Time is a precious commodity for me these days. I teach seven classes a week (26 hours in the classroom), and I spend easily another 10-15 hours a week more on preparation, grading, and management issues. I spend another 15-20 hours a week on my ICL work. For those of you keep score at home, that’s 61 hours a week of work, and that doesn’t include my writing time.
So why is it, then, that the times I have the least availability for writing are the times when I generate the most ideas? I already have three books in various stages of disrepair, and suddenly my creativity is in overdrive. I woke up from a nap this afternoon (a brief, 45 minute power nap because I only got three hours of sleep last night), and characters were writing dialog in my head. On Saturday, in the middle of trying to relax and go golfing with my hubby, a whole different story emerged and tried to wrestle control of my concentration away from my swing tempo. In all, I’ve managed to generate about six new story ideas at a time when I can’t sufficiently spend time on the ones I already have started.
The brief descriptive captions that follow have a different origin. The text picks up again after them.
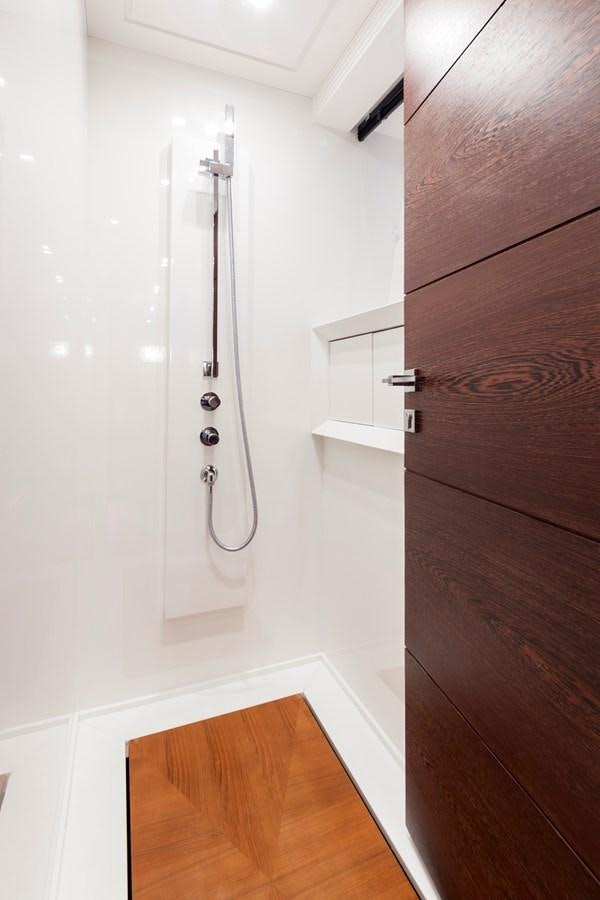 a white door with a handle aboard FIVE WAVES Yacht for Sale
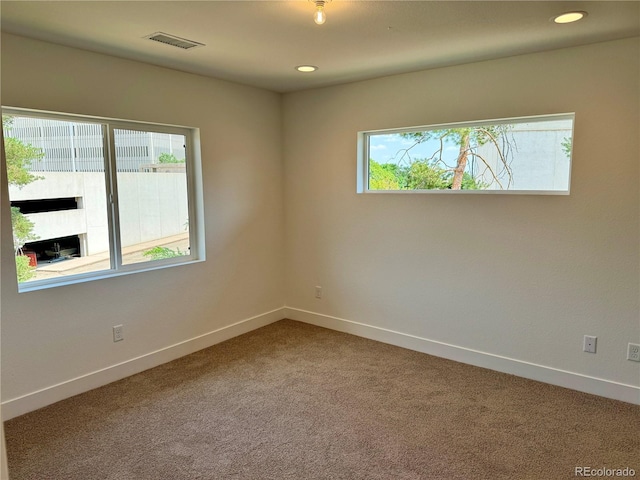 empty room with recessed lighting, visible vents, baseboards, and carpet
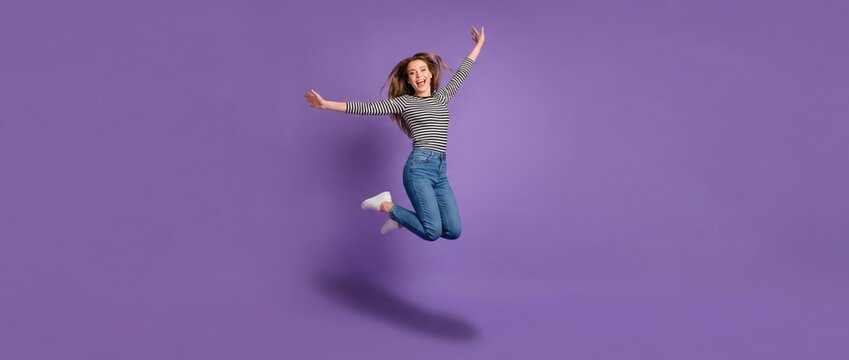 Dynamic jumping action by a young woman studio setting lifestyle content vibrant purple background full-body perspective celebrating joy and freedom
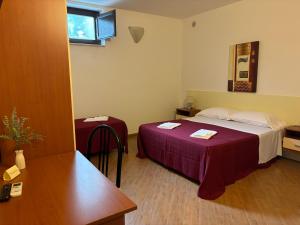 a hotel room with a bed and a table at Bed and Breakfast Tenuta Sicilia in Ostuni +37 photos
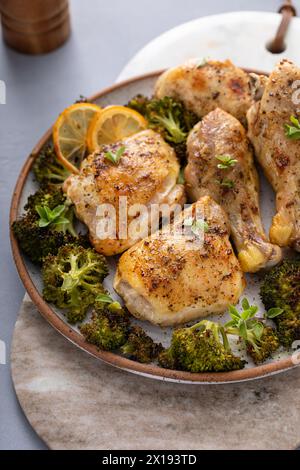 Chicken drumsticks and thighs with broccoli roasted on a serving plate for dinner or lunch with garlic and herbs Stock Photo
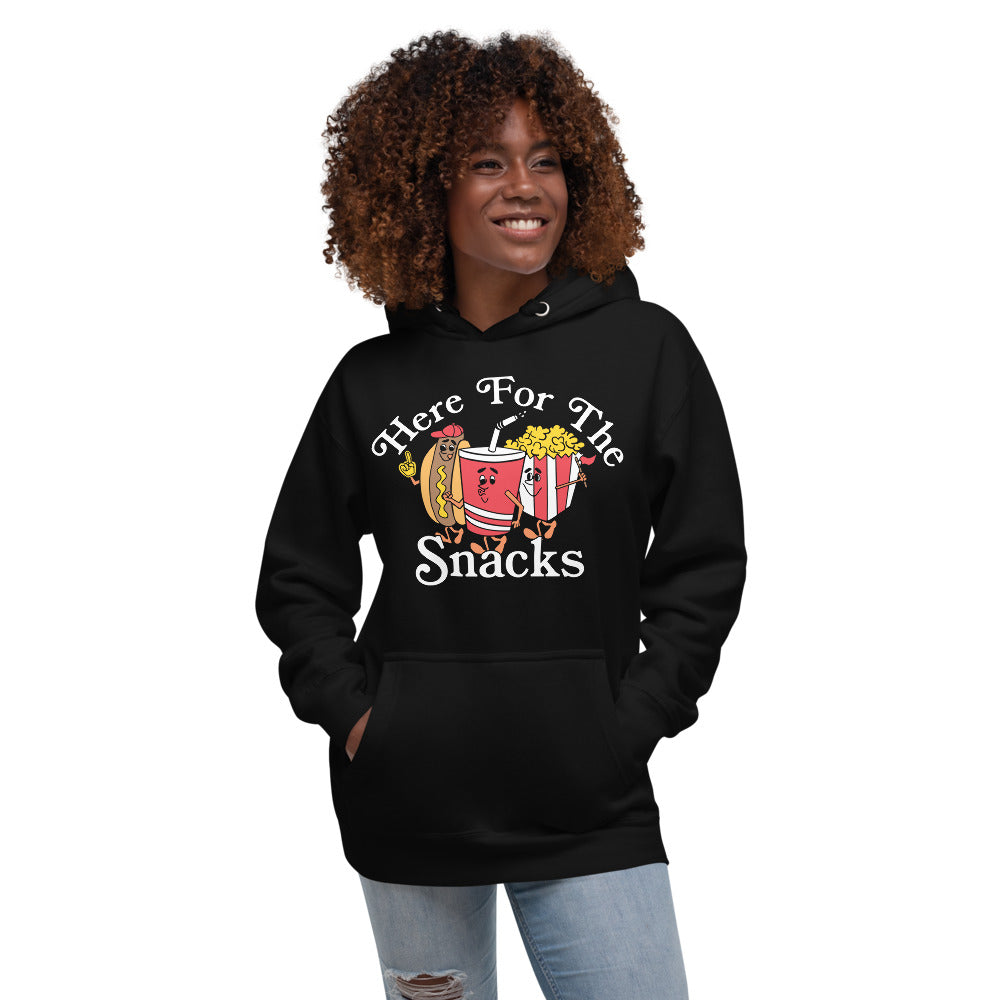 Image of woman wearing black hoodie with design of "Here For The Snacks" with cartoon hot dog, soda pop and popcorn located on centre chest. This design is exclusive to Tailgate Mercantile and available only online.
Does this happen to anyone else? What do you do about it? In the past, I”ve simply written down the ideas in a journal of potential story ideas to come back to later, but that doesn’t seem to be quelling the flow. For each idea I write down, two more immediately take its place in my consciousness. If I just stopped generating ideas today, I’d have enough material to keep me busy for the next ten years at least.
I know, I know: it’s a good problem to have, so why am I complaining? Because it is a constant reminder that I don’t have enough time to do what I love most. It feels somehow like a failing on my part. I am already stretched to my limits, and there is no option for me to add one more item to my agenda.
But some of these ideas are really, really cool. And that makes me really, really want to work on them. And I can’t.